1度だけ、学校という名の学舎へ言ったことがあった。あそこは人の腐った部分が見えて嫌だった。
陰口や悪口いじめが日常で、それを見る教師は傍観者であること。教師は嫌いだった。
学校という小さな箱に囚われる教師は子供と同等に見えた。なのに偉そうにしているからだ。
この世界は理不尽だが、人間がいちばん理不尽なんだ。平気で人を殺す癖して自分のせいだと思ったことがないんだよ。
134号なんて最初は全然好きじゃなかった。あいつは、やたら絡んでくる割に結構繊細で、私が触れると恥ずかしがって逃げやがるやつだ。
でも、そんなあいつとの会話が結構好きだったんだよ。私も。
傷つけたくない、触れていたらまた私はその優しさで傷ついちゃうんだ。幸せになんてなりたくない。

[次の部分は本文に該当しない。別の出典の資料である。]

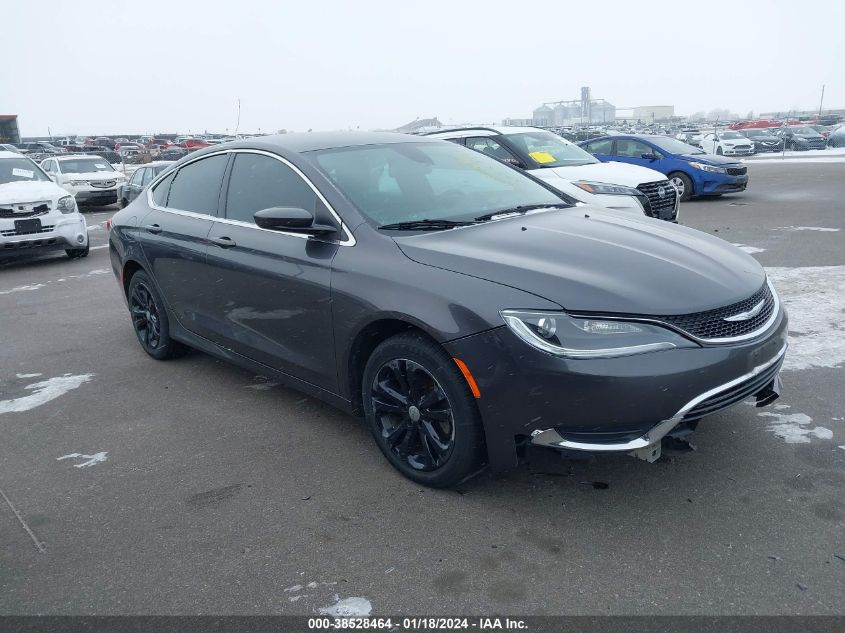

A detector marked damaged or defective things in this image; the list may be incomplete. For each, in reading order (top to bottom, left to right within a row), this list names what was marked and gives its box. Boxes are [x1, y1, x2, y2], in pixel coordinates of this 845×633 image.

detached bumper piece [532, 344, 788, 456]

思い出ばっかでさ、幸せなことしてくるから私また…苦しんでばっかなの。
『あなたなんか産むんじゃなかった。』
姉と比べられて捨てられた私。親から名前なんてつけられたことすら私には無かったんだ。
『あの子って地味だし、戦果だけが取り柄よね。』
取り柄を簡単に求めて、簡単に人のことを人を悪く言ってしまうアイツらの顔。
『よく見たらめっちゃ目つき悪いね!変なの!』
悪口をドストレートに言うあいつ。悪意のないようなこと一言も、笑顔も逆にに憎かった。
『僕意外と繊細だからそんな簡単に触れられるのNGなの!わかる?!』
あの時のあいつ真っ赤な顔で怒ってた。でも、そのウブな反応が面白くていつもイタズラしてたっけ。そんな素っ気ないと私も傷つく。
私にはその暖かさは、必要なかったのに。
でもそんな思い出ももう思い出せなくなっていた。ごめんの言葉ももう届くことはないのかな。最後にさ、言いたかったな。
ごめんって。
[3918年4月3日10時34分/134号]
いくら見ても7号の状態はそれはコア暴走だった。さっきまでの雰囲気がすべて覆るようなそこにはただ武器を構えることかまできない僕たちがいた。
でも2人は武器を構え始める。3号と2号だ。正気なのかと思ったが判断でいえば間違ってはいない。
ただ7号も2人に銃を向けた。先手を打ったのは7号で2人に向かって銃をうった。音が鳴り響く中2号は見事に銃弾をその細い日本刀で跳ね返した。
「134号!2人を止めないと!きっと7号も治るんだよね?!そうじゃなきゃおかしいよ…!!」
「133号、困らせちゃいけない。この場で1番7号と仲が良かったやつはこいつなんだよ!」
「でも!」
133号は混乱しているけどやっぱり130号は冷静だよね。でもやっぱ困ってるよね。130号も。
けど、その時倒れる音がして7号の方をむくと2号が7号の銃弾を交わしきれずにいた。
3号も左肩に受けていたがそれよりも必死だったのだろう。気にしてなんていなかった。
「ひゃく…さんじゅ…よ…ごう…わた…し…。」
そういった時7号の銃をもっていた腕が3号によって切られ吹き飛ばされた。
地面に倒れ込んだ7号に剣を突き立てた。その時自然と体が動いて気づけば振り下ろそうとしていた3号の腕を止めていた。
「3号…それは…だめだよ…。そんな事…」
「わかってるのか?!殺してやらないと7号はスフェルナに、この地にその魂を取り込まれるんだよ!どれだけ苦しいことかわかって言ってるのか!!!」
3号がヤケになったのか声を荒らげた。どれだけ苦しいことかはわかってるでも殺して欲しくなんか無いなんて思ってしまう。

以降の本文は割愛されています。